Beneficial interests in Temporary Regulation S Global Notes or IAI Global Notes may be exchanged for interests in Rule 144A Global Notes if (1) such exchange occurs in connection with a transfer of Notes in compliance with Rule 144A and (2) the transferor of the beneficial interest in the Temporary Regulation S Global Note or the IAI Global Note, as applicable, first delivers to the Trustee a written certificate (in a form satisfactory to the Trustee) to the effect that the beneficial interest in the Temporary Regulation S Global Note or the IAI Global Note, as applicable, is being transferred to a Person (a) who the transferor reasonably believes to be a QIB, (b) purchasing for its own account or the account of a QIB in a transaction meeting the requirements of Rule 144A, and (c) in accordance with all applicable securities laws of the States of the United States and other jurisdictions.
Beneficial interests in Temporary Regulation S Global Notes and Rule 144A Global Notes may be exchanged for an interest in IAI Global Notes if (1) such exchange occurs in connection with a transfer of the notes in compliance with an exemption under the Securities Act and (2) the transferor of the Regulation S Global Note or Rule 144A Global Note, as applicable, first delivers to the trustee a written certificate (substantially in the form of Exhibit 2) to the effect that (A) the Regulation S Global Note or Rule 144A Global Note, as applicable, is being transferred (a) to an “accredited investor” within the meaning of 501(a)(1),(2),(3) and (7) under the Securities Act that is an institutional investor acquiring the notes for its own account or for the account of such an institutional accredited investor, in each case in a minimum principal amount of the notes of $250,000, for investment purposes and not with a view to or for offer or sale in connection with any distribution in violation of the Securities Act and (B) in accordance with all applicable securities laws of the States of the United States and other jurisdictions.

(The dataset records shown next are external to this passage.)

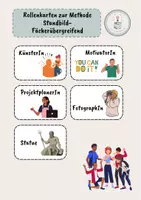 Vorschau - Bildkarten - Rollenkarten zur Methode Standbild - Fächerübergreifend - Deckblatt
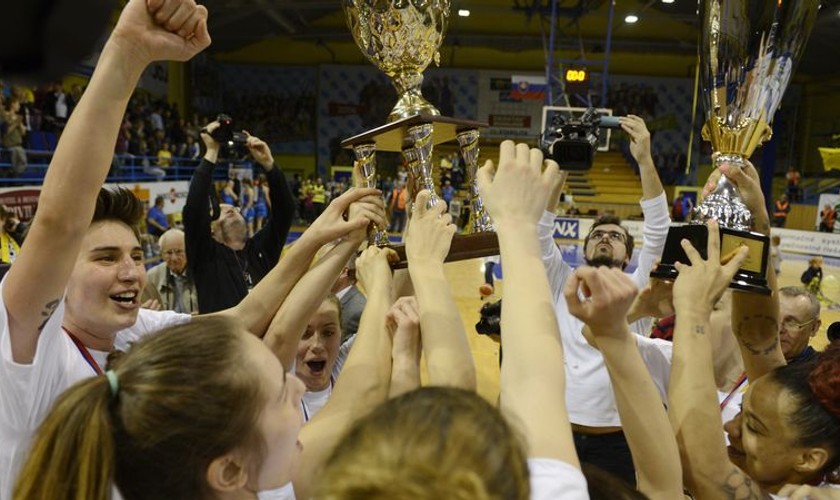 Good Angels Košice - Piešťanské Čajky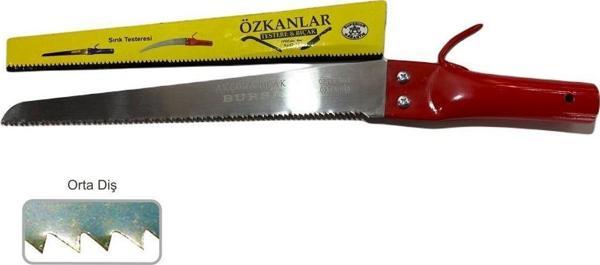Yüksek Dal Budama Sırık Testeresi Kancalı Tip Orta diş - Image 1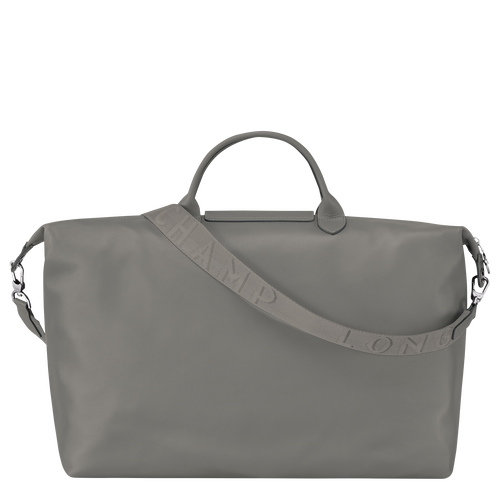 Le Pliage Xtra S Travel bag , Turtledove - Leather - View 4 of  6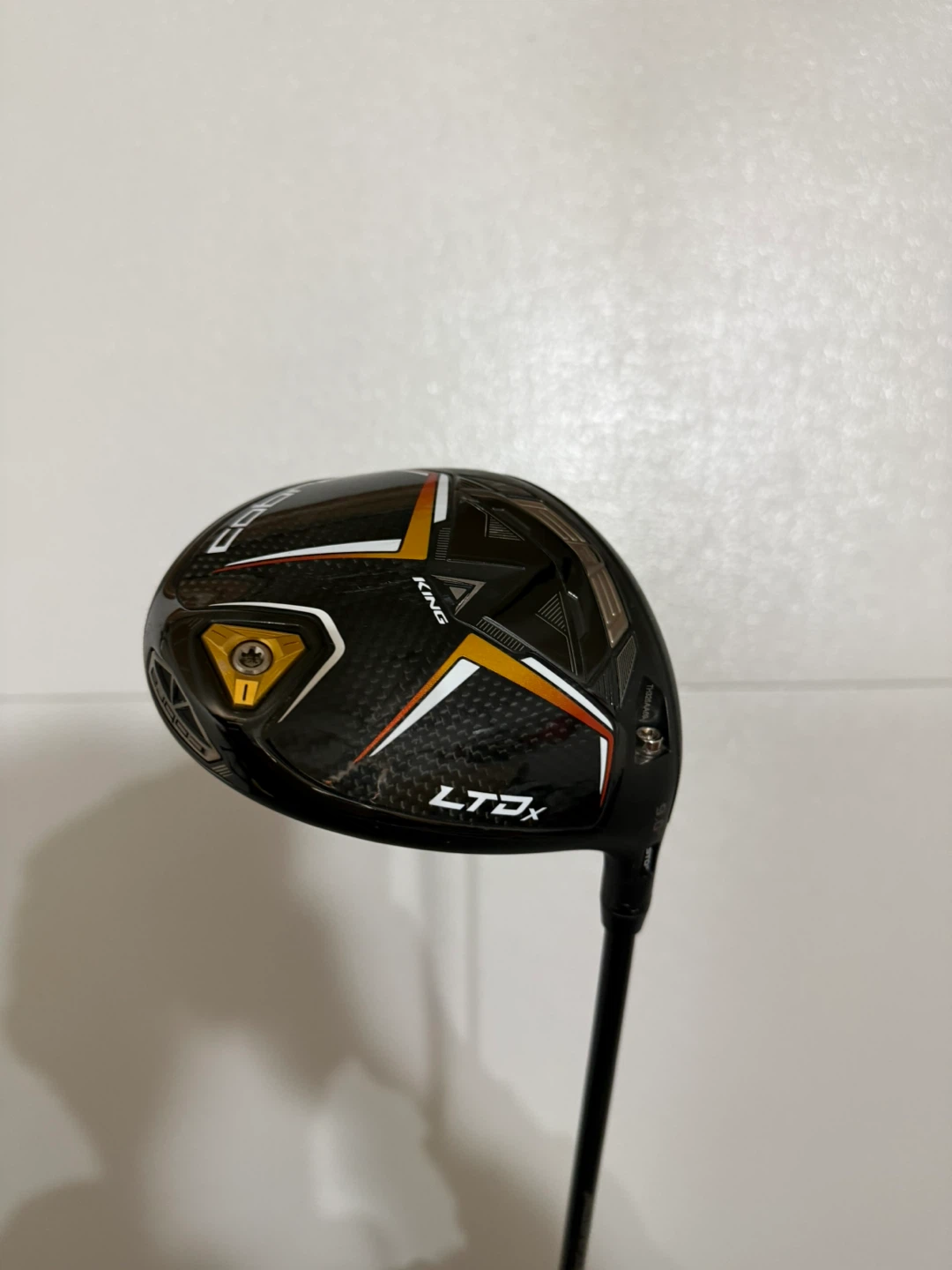 Cobra King LTDx Driver with HZRDUS Shaft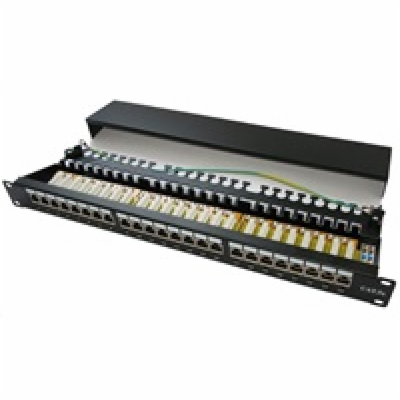 XtendLan XL-PP19-24C5ESD-LED XtendLan Patch panel 19", 24...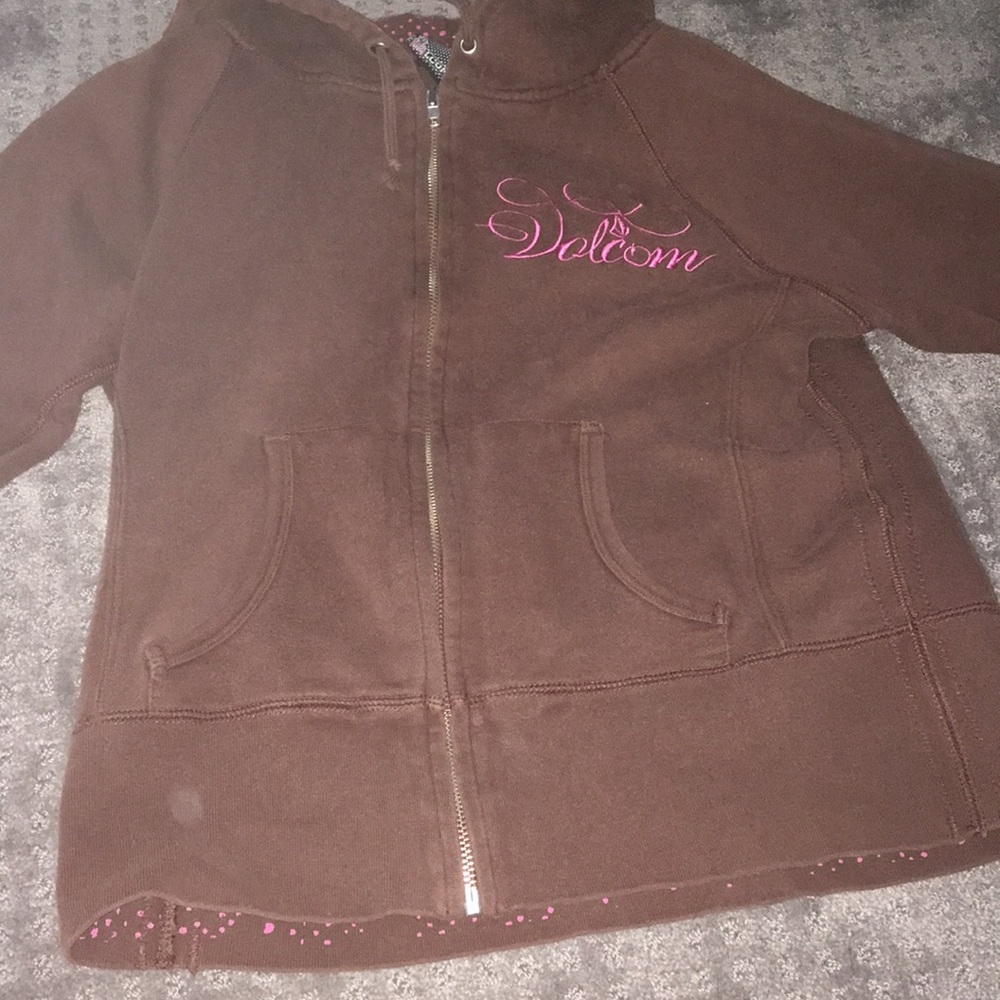 Volcom zip up jacket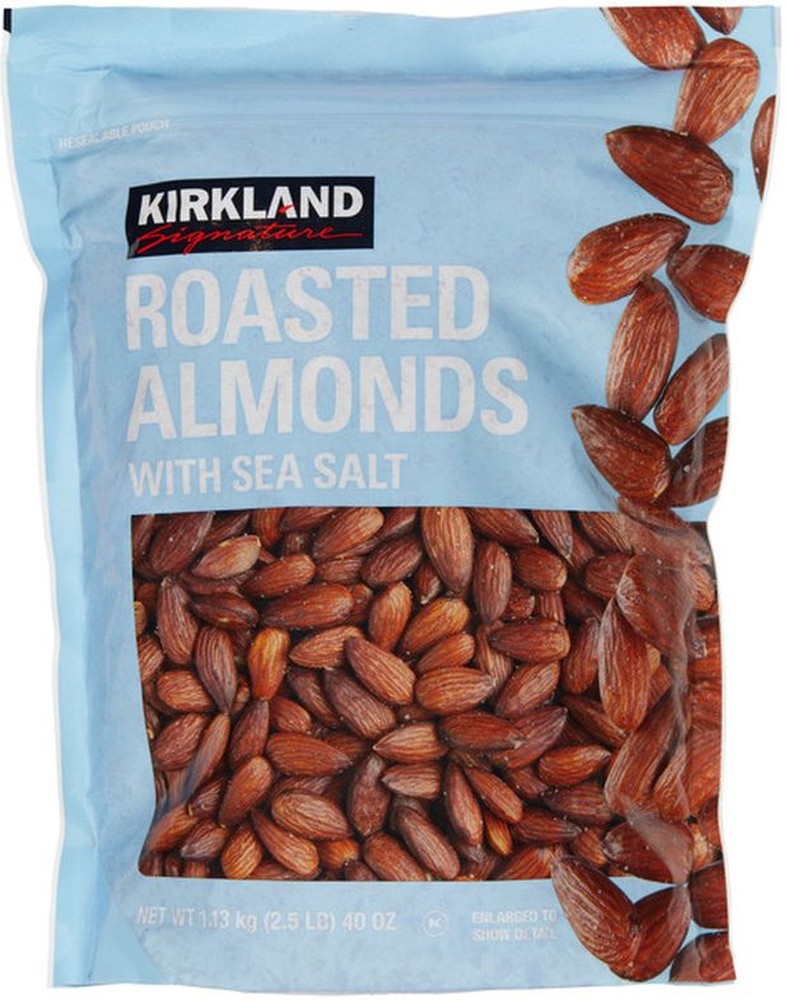 Roasted Almonds with Sea Salt, 2.5 lb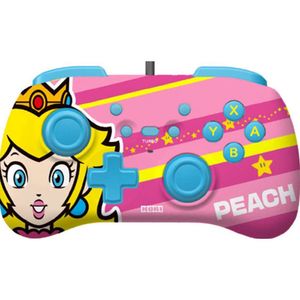 Hori Mini Peach Nintendo Switch-controller Rosa  Rosa One Size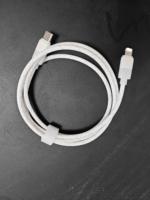 Câble de charge rapide PD 20W tressé en nylon blanc de 1 m, Type-C vers Type-C, conducteur en cuivre pur pour iOS et batterie externe – Meilleure vente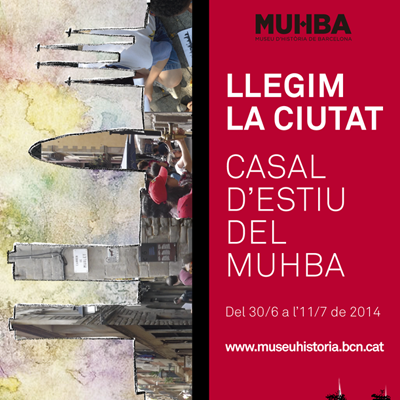 MUHBA, punt de llibre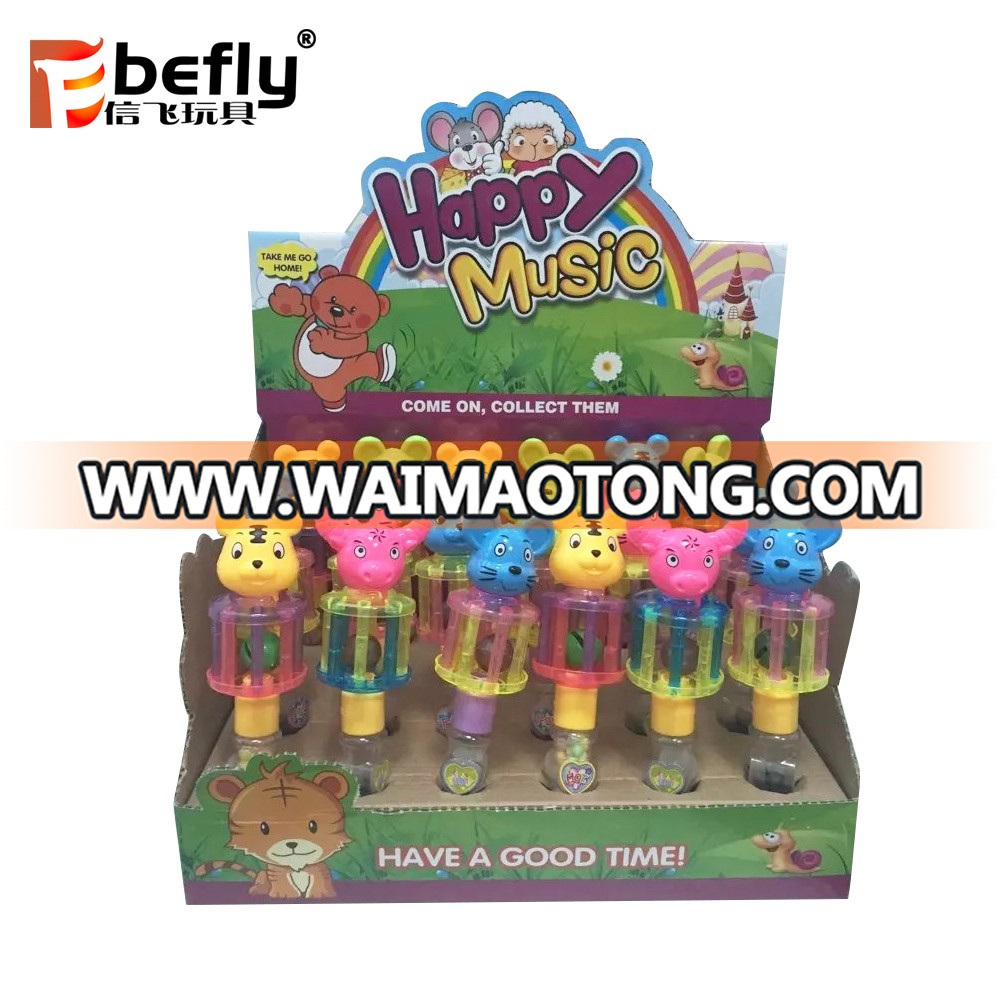 FCT011691(2) hand bell candy toy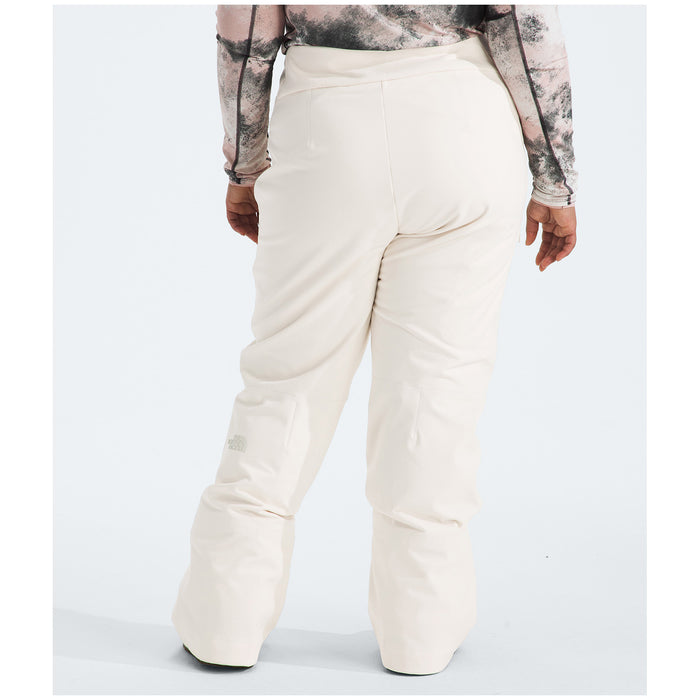 The North Face Snoga Plus Pants - Women's White Dune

Beneficial interests in a Rule 144A Global Note or an IAI Global Note may be transferred to a Person who takes delivery in the form of an interest in a Regulation S Global Note, whether before or after the expiration of the Distribution Compliance Period, only if the transferor first delivers to the Trustee a written certificate (in the form provided in the Indenture) to the effect that such transfer is being made in accordance with Rule 903 or 904 of Regulation S or Rule 144 (if applicable).
The Rule 144A Global Note, the IAI Global Note, the Temporary Regulation S Global Note and the Permanent Regulation S Global Note are collectively referred to herein as “Global Notes”. The aggregate principal amount of the Global Notes may from time to time be increased or decreased by adjustments made on the records of the Trustee and the Depository or its nominee as hereinafter provided.
(b) Book-Entry Provisions. This Section 2.1(b) shall apply only to a Global Note deposited with or on behalf of the Depository.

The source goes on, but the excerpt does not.